Lets say I am doing a reduction from $\mathrm{HALT}_{\mathrm{TM}}$ to another language $S$, in order to prove that $S$ is not decidable. For this I need to build a new Turing machine, $M'$. Can I create $M'$ in such a way that the next step is depended upon whether or not a simulation stops? Take the following two examples:
$M' = $ "on input $M, w$:
- Simulate $M$ on input $w$. If $M$ stops, go to step 2. Else: go to step 3.
- ....
- ....."
And
$M'' = $ "on input $M, w$:
- ...
- Run $M$ on input $w$.
- accept."
The first one requires the decider for $S$ to solve $\mathrm{HALT}_{\mathrm{TM}}$ more explicitly then the second one. Is the first one wrong?
Asked By : Cheiron
Answered By : David Richerby
No, you can't.
First, as a technical point, it never makes sense to say "If this simulation halts", since that would require doing the whole simulation and, if it doesn't halt, you'd never finish simulating it. You can, in certain circumstances, ask whether a particular Turing machine halts on a particular input, but that's something subtly different.

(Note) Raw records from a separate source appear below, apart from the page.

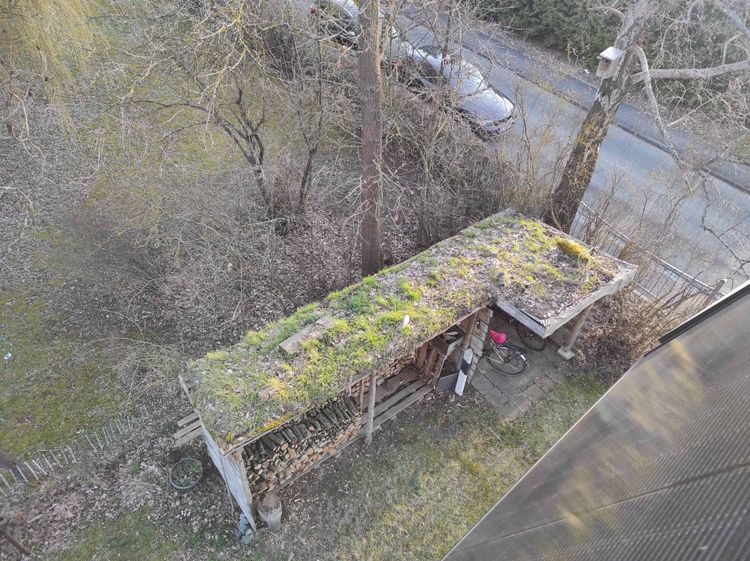 Dach eines Schuppens mit unregelmäßiger Begrünung aus Moos und Gras neben einem Weg.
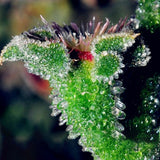 Egrow,Succulent,Plant,Seeds,Flowering,Mesembryanthemum,Crystallinum,Crystalline,Plant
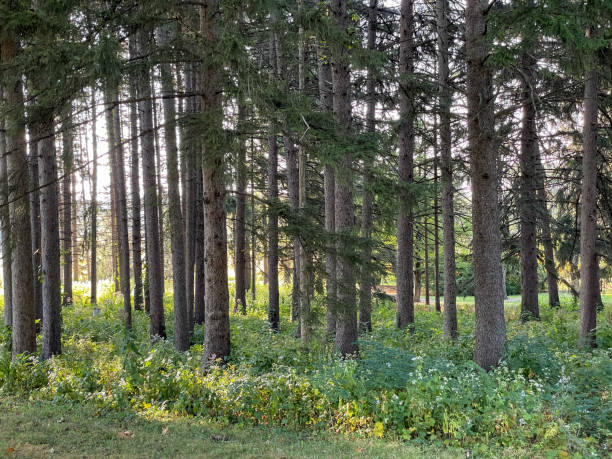 istock Forest Trees in Arboretum 1341951001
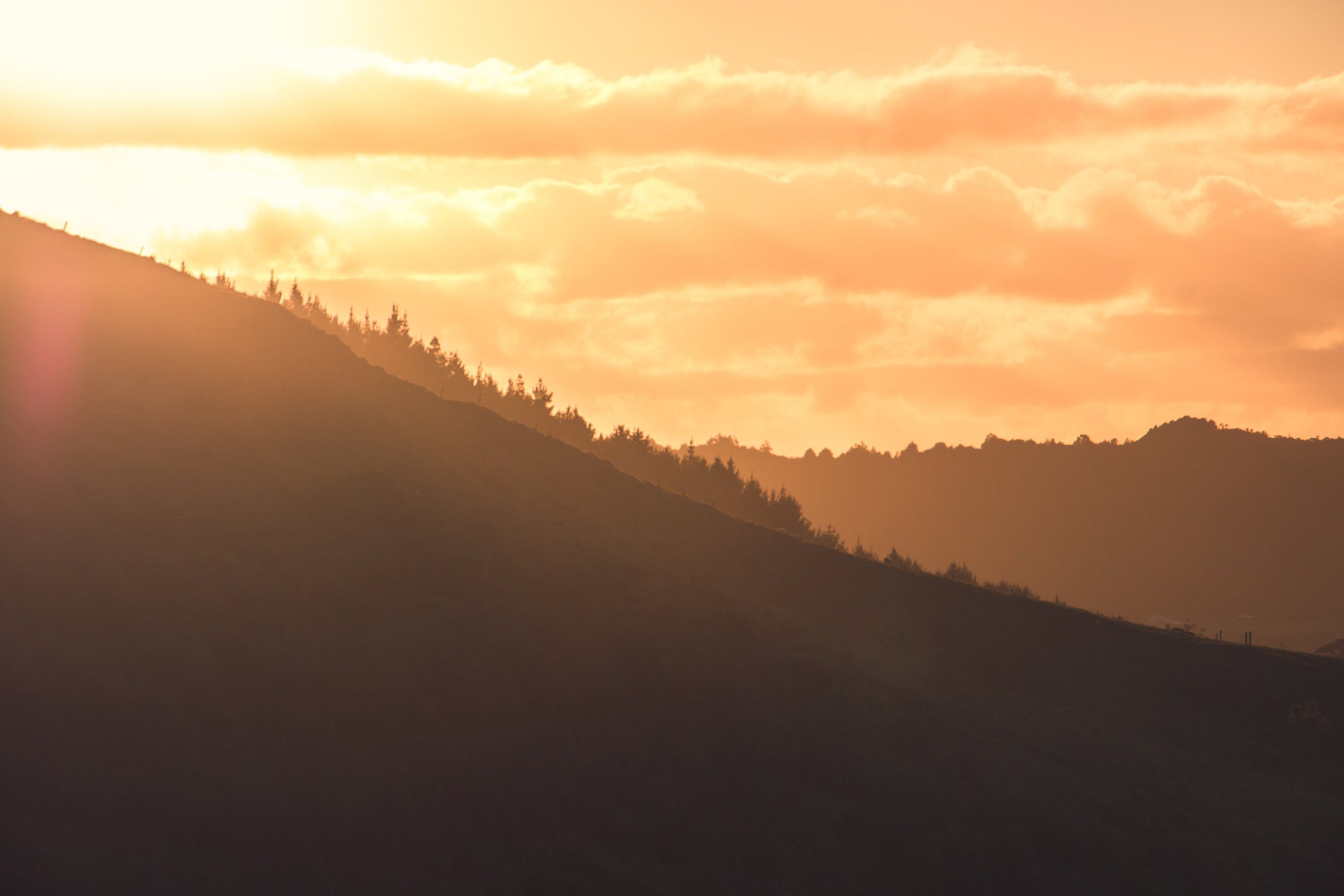 weekly energy  [08 . 03 . 20]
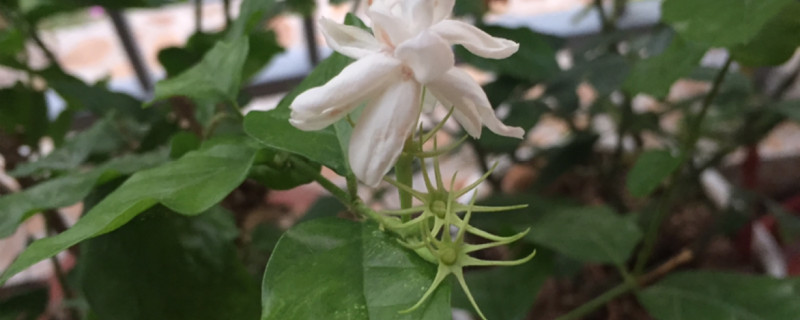 荼蘼有没有花和果实 荼蘼有没有花和果实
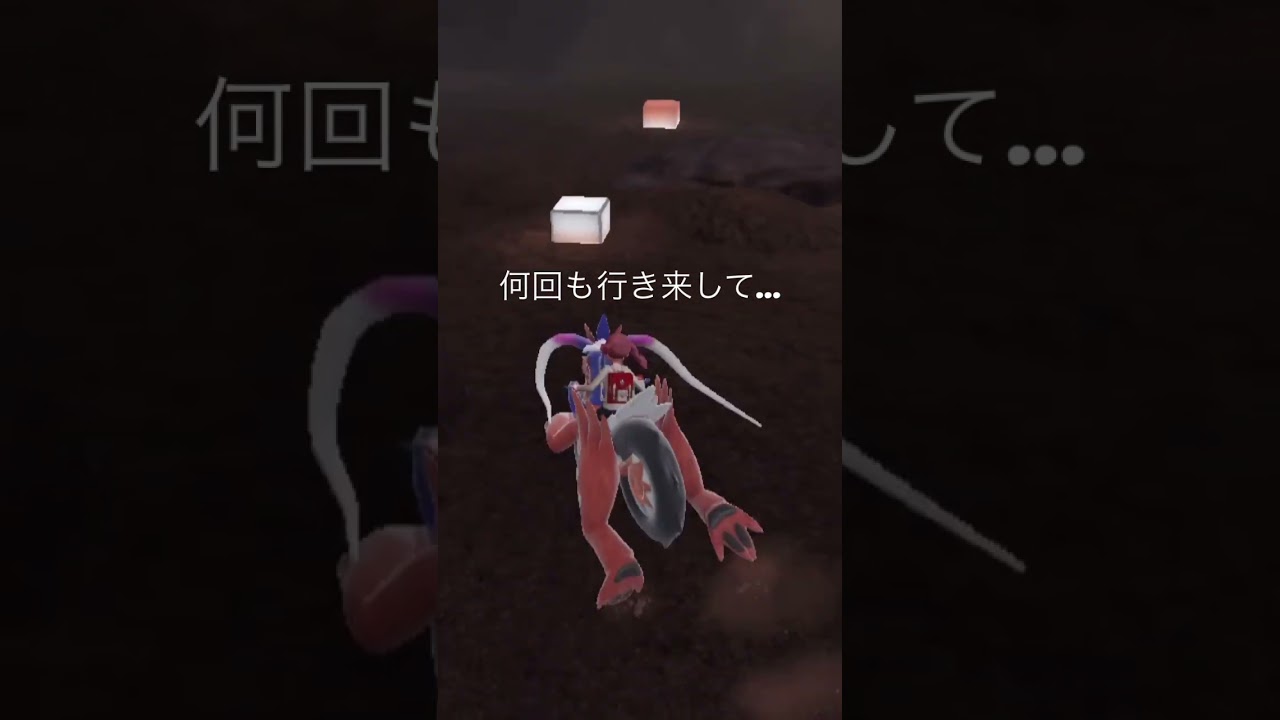 ミズゴロウ大量発生 色違い探し☆彡 #ポケモンsv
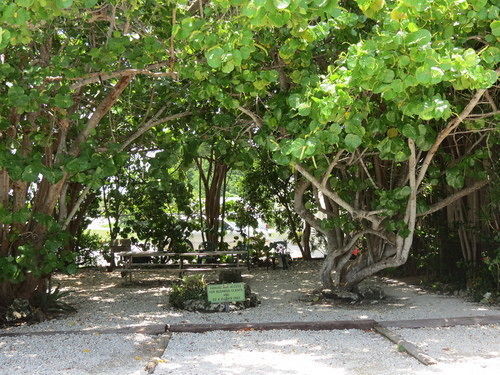 Ed & Ellen'S Lodgings Key Largo Motel Bagian luar foto
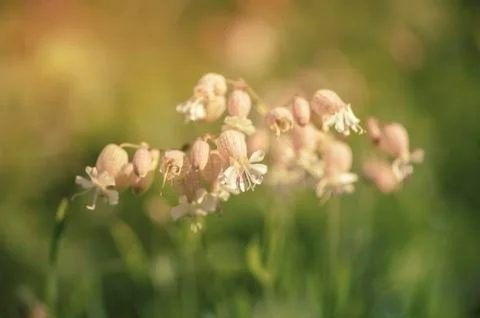 Flowers at sunset Stock Photos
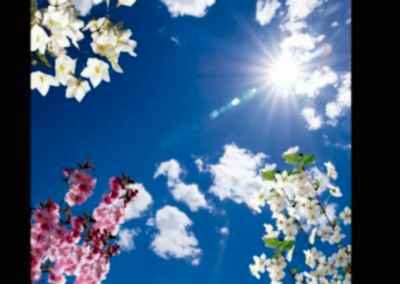 Gergi Tavan, Gergi Tavan Modelleri Baskılı Gergi Tavan 228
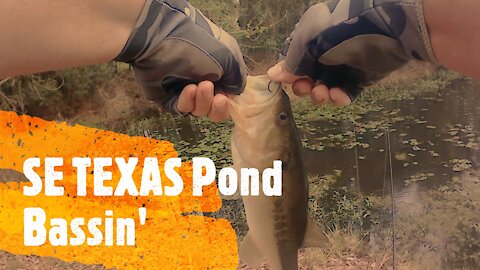 Texas Pond Bassin'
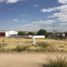  Terreno (Parcela) en venta en Morelos, Zacatecas, Morelos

But the main point is that your reduction looks backwards. You're supposed to be using the argument "$S$ must be undecidable because I could use the ability to decide $S$ to let me decide the halting problem, which is impossible." But, by basing decisions on whether some Turing machine halts or not, you're assuming that you can determine this, i.e., assuming that you can already decide the halting problem.